Detectives in Britain teamed up with U.S. federal officers and cops in Maine to quickly track down and arrest a woman who allegedly used a webcam to stream video of her sexually abusing her own young child.
The international dragnet resulted in the arrest of Julie Carr, 30, in Mars Hill, Maine, Friday. Carr, who, in her mug shot was wearing a shirt with the logo "Bad Angel" on the front and had tattoos on both of her arms, is being held in lieu of $50,000 cash bail.
Carr was arrested after a tip went to police in Humberside County in England about a man who may have been involved with child pornography.
The West Midlands police department's Child Exploitation Investigation Team investigated and arrested an 18-year-old man identified only by the last name of Wilde, according to a spokeswoman for the West Midlands Police Department. He was charged with possessing and distributing abusive images of a child and police seized his computer.
According to a West Midlands police statement, investigators discovered during a search of Wilde's computer that a woman, later determined by U.S. authorities to be Carr, had used her webcam to broadcast live videos of her assault on her child.
The statement from West Midlands police said the child in the video was Carr's own and that she is the mother of four children, believed to range in age from 18 months to 5 years, who have since been placed into protective custody.
Cops on both continents declined to say how they tracked the video to Carr, but did say that the video lacked an IP address, which identifies an individual's computer.
British officials alerted U.S. Immigration and Customs Enforcement, which relayed the information to Maine police.

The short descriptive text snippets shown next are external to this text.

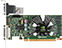 GeForce GT 620
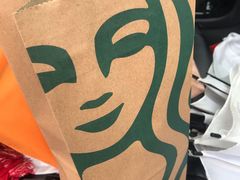 -星巴克(南京同曦万尚城店)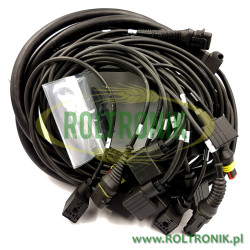 2BRAVO 350S 7W Computer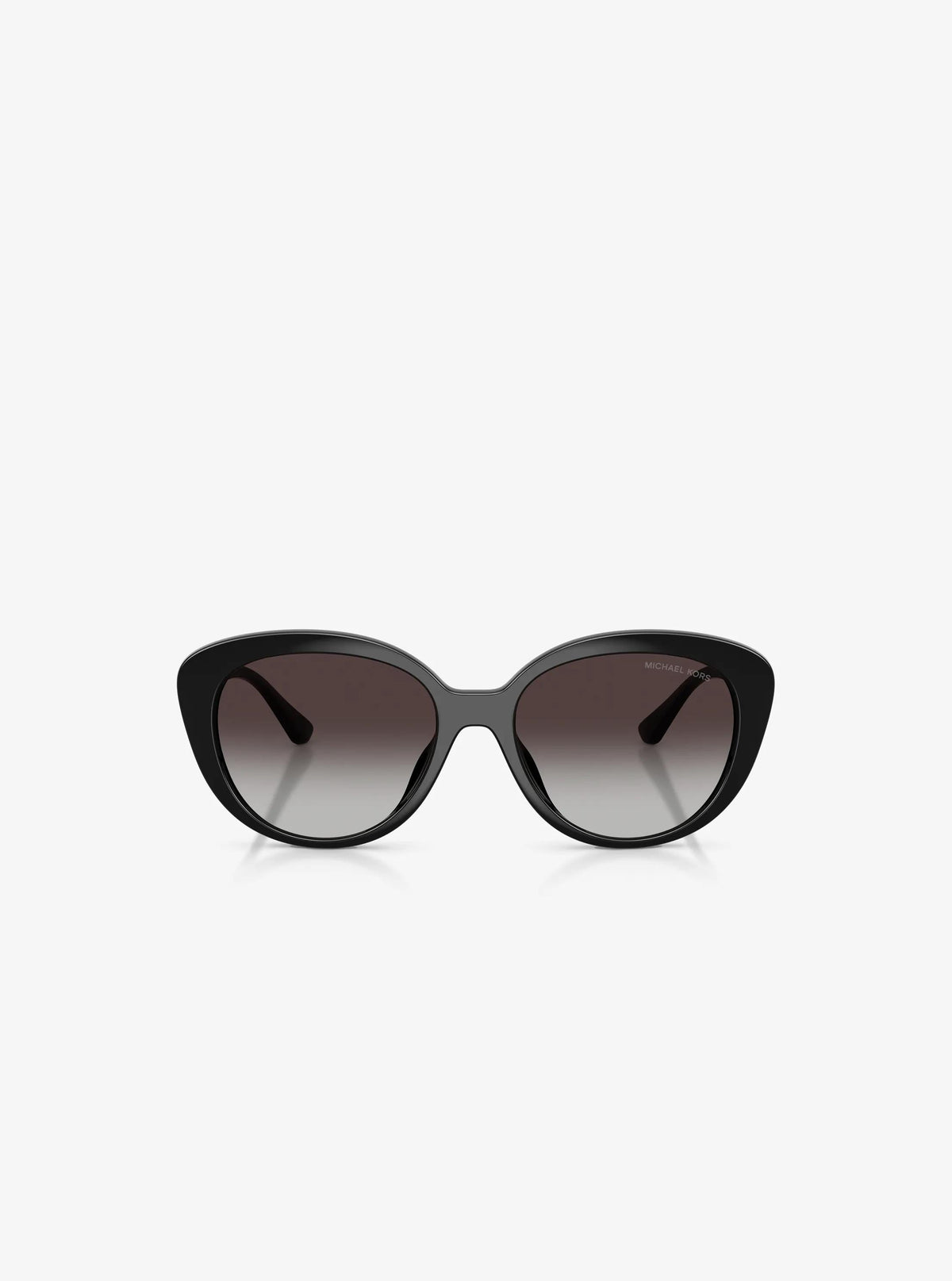 Gafas de sol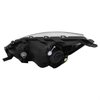 PILOT REPLACEMENT PARTS - image 4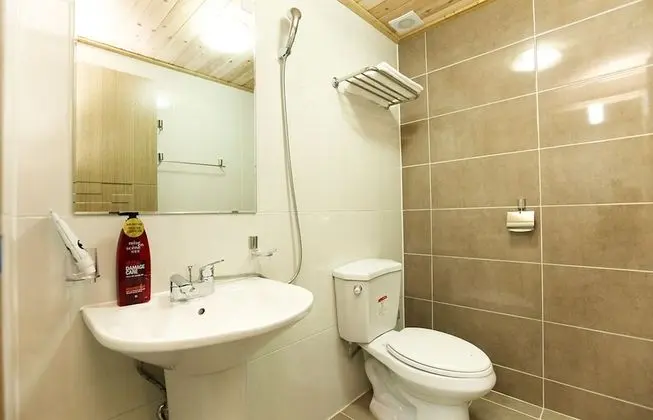 Basic Tek Kişilik Oda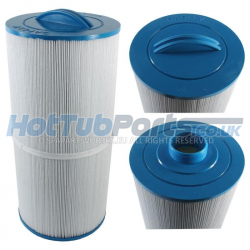 375mm - Hot Tub Filter Cartridge - 7CH-752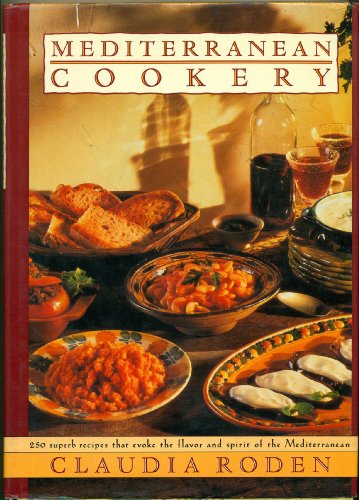 No Image Available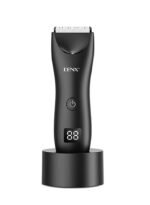 ماكينة حلاقة كهربائية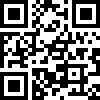 https://khabaronline.ir/x55jf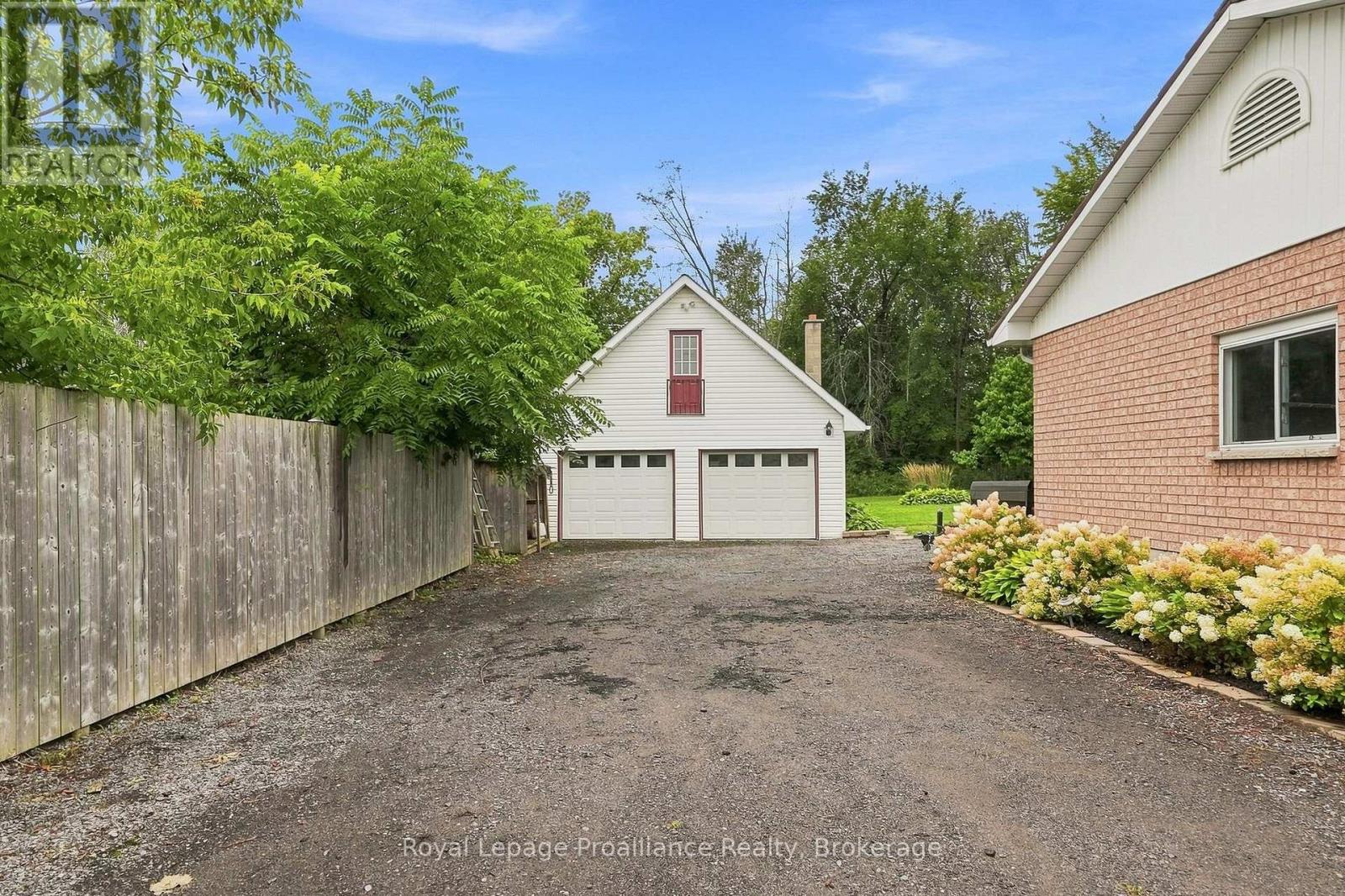 131 Ashley Street, Belleville, Ontario  K0K 2B0 - Photo 34 - X13740372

Maine State Police Detective Sgt. John Cote told ABCNews.com today that it took less than five hours from the time the tip came in from ICE for state and federal authorities to arrest Carr.
Cote said Maine State Police received information from ICE that the woman, who appeared in "mulitple videos," was believed to operate out of Maine.
"We moved quickly on the case because it appears the most recent video appeared as recently as June 10," Cote said.
ICE spokeswoman Pat Reilly declined to talk specifically about the Carr case, but told ABCNews.com today that the U.S. is involved in these types of international child pornography busts "more and more."
"The most cooperation you will see in law enforcement is in cases like this," Reilly said.
When dealing with international crimes, Reilly said, agencies often look for the tiniest clues that give away the suspects, including accents or local dialects.
Reilly recalled an American man who was arrested after law enforcement figured out his identity using the design on the Brownie badge his victim was wearing in the video. He turned out to be a relative, she said.
Reilly sees an alarming trend in child abuse cases.
"The children are getting younger and that's because they [criminals] figured out they will never testify in court," she said.
Cote, citing the protection of any children involved in the abuse, declined to confirm or deny the information released by the West Midlands police, and a spokesman from the Maine Department of Health and Human Services said he could not comment on if the agency's Office of Child and Family Services was investigating Carr or had removed any children from her house.